KENA SERGAP. Kiri: Penangkapan kapal yang disergap sejumlah orang bersenjata. Kejadian terjadi tepatnya di perairan Lahad Datu, Sabah, Malaysia, Sabtu (9/7) dinihari. Kanan: Empat anak buah kapal (ABK) yang tidak diculik. Radar Tarakan/JPG

eQuator.co.id – Kuala Lumpur-RK. Penculikan terhadap warga negara indonesia (WNI) oleh kelompok bersenjata kembali terjadi pada Sabtu (9/7). Kali ini menimpa tiga pekerja awak kapal tunda Indonesia di Negara Bagian Sabah, Malaysia Timur.
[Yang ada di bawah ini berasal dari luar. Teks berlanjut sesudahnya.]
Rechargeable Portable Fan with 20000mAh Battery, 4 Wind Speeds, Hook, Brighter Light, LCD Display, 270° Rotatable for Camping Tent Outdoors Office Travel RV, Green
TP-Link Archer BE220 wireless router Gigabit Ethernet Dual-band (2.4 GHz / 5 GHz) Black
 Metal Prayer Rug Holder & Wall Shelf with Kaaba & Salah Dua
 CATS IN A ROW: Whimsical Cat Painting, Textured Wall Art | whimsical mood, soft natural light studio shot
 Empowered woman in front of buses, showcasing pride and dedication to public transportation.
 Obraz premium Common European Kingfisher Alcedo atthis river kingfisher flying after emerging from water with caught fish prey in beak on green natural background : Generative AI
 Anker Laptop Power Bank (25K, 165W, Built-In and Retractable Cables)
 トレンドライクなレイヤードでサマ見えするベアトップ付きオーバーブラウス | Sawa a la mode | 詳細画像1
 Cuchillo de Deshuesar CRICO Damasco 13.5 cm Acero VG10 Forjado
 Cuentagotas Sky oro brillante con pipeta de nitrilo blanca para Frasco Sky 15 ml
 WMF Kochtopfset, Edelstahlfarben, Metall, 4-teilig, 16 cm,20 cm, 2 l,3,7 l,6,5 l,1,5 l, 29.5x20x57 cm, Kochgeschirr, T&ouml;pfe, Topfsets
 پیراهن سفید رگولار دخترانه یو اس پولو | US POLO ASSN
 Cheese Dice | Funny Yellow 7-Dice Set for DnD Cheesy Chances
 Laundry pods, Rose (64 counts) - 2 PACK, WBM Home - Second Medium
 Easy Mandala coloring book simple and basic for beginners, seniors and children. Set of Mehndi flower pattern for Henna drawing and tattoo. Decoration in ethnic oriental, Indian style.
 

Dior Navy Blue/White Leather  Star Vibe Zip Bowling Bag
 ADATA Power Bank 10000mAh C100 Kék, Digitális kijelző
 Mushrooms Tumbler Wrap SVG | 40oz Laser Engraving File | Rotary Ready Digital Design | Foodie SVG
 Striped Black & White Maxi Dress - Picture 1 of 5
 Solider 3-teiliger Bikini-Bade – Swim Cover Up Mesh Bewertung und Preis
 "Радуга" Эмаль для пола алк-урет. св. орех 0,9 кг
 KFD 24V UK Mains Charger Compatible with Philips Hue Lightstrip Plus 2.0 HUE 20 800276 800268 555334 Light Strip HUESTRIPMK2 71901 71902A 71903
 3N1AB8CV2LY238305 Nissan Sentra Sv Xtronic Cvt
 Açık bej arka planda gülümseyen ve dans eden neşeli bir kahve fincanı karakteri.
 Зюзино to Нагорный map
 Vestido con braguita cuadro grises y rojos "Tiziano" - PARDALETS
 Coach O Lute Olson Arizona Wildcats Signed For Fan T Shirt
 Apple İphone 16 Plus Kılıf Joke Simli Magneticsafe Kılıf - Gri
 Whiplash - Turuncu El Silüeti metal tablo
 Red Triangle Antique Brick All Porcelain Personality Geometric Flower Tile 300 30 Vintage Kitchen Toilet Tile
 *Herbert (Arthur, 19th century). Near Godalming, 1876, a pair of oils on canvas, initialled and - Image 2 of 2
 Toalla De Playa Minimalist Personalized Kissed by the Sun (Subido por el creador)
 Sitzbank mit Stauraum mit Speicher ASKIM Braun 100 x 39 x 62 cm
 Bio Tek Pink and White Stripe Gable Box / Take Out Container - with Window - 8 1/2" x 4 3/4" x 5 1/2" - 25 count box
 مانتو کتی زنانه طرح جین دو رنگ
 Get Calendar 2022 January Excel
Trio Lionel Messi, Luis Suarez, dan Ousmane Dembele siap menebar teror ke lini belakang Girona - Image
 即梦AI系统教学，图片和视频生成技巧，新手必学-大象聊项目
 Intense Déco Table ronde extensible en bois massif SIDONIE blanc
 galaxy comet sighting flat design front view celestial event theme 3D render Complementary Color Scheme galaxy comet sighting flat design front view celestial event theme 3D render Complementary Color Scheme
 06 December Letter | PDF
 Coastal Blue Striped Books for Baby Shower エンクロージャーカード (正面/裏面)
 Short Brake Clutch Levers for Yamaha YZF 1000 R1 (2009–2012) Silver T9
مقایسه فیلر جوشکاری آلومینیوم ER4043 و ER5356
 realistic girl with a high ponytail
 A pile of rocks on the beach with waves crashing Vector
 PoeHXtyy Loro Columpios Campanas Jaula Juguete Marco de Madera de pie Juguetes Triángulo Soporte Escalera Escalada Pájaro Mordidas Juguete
Duta Besar Kedutaan Besar Republik Indonesia (KBRI) di Kuala Lumpur, Herman Prayitno, mengatakan penculikan terungkap di saat Chia Tong Lim membuat laporan polisi, Minggu (10/7) pukul 04.17. Tong Lim merupakan warga negara yang memiliki kartu identitas Malaysia. Ia pemilik kapal pukat tunda LD/114/5S tersebut, dan baru satu tahun menetap di Kampung Cina, Lorong Satu, Pekan Kunak.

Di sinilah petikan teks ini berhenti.